HowTo use the CDT to navigate Linux kernel source
Here are some steps that I've found to get the CDT to work well with the Linux kernel source. If you exclude some of these steps, it may still work to a large degree, but some things may not work exactly right; for example it may find the wrong include file for a C file.
Anyway, as you do these steps, I think you may understand how they assist the indexer to do a good job for the Linux kernel source.
Disclaimer: these steps were last updated for Eclipse Juno + CDT 8.0.2, and originally developed for Eclipse 3.5.1 + CDT 6.0.0.
- Download and install Eclipse plus the CDT.

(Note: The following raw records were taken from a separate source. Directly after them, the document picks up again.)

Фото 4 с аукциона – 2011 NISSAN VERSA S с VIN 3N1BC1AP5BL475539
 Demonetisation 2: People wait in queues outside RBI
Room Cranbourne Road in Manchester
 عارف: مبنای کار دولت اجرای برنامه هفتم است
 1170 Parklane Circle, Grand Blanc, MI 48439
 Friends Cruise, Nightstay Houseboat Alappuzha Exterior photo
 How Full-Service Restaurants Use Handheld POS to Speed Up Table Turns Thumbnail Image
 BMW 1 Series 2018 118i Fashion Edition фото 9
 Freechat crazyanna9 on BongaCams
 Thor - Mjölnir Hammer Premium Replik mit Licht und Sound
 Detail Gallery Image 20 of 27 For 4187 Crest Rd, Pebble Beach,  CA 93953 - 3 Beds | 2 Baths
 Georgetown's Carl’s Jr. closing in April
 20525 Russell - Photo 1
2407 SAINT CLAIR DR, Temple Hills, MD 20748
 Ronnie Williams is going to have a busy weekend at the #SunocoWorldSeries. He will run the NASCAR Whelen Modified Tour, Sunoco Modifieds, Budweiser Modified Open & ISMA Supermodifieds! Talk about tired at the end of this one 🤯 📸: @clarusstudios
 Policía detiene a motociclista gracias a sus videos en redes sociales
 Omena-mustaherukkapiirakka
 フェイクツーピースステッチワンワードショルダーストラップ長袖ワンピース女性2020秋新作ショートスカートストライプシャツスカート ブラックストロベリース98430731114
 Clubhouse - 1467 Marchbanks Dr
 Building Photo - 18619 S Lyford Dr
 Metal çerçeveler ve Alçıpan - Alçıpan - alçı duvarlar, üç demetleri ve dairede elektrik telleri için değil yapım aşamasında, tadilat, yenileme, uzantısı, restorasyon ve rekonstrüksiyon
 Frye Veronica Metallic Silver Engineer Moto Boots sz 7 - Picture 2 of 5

- Configure and build your kernel to define CONFIG_* and generate autoconf.h. This can be done before or after downloading and installing Eclipse.
- Ensure that you have the right kernel source (e.g. make sure you are on the right git branch). If you check out another branch later, that's ok, but you will need to re-index the source, and that takes about 20 minutes.
- Start up Eclipse.
- Click File->New->C Project
- Fill in a project name like my_kernel
- Uncheck the Use default location box and type in the root directory of your kernel into the Location box.
- In the Project type: pane, click the Makefile project and select Empty Project
- On the right side, select Linux GCC
- Click Advanced settings... and a Properties dialog will pop up.
- Select Resource on the left, and then in the Text file encoding section, select Other and ISO-8859-1 in the box, then click Apply
- Open the C/C++ General selection on the left.
- Click on Preprocessor Include Paths
- Select GNU C in the Languages list
- Select CDT User Setting Entries in the Setting Entries list
- Click on Add.... Choose Preprocessor Macros File from the top left dropdown, Project Path from the top right dropdown, and enter "include/generated/autoconf.h" into the File text box. (Note: for older kernels [pre-2.6.36?], the location of autoconf.h is include/linux/autoconf.h)
- Also add any other macros files you are using.
- Click on Indexer
- Checkmark the Enable project specific setttings box.
- Uncheck Index source files not included in the build
- Clear out the Files to index up-front box.
- Click on Paths and Symbols on the left.
- Select the Includes tab and then select GNU C
- Click Add...
- Click Workspace... then select your kernel's include directory
- Do another Add, Workspace and add arch/architecture/include, e.g., arch/powerpc/include
- Click the # Symbols tab
- Click Add...
- Set the name to __KERNEL__
- Set the value to 1 and click OK
- Click the Source Location tab
- Click the twisty for your project.
- Select the Filter item and click Edit Filter...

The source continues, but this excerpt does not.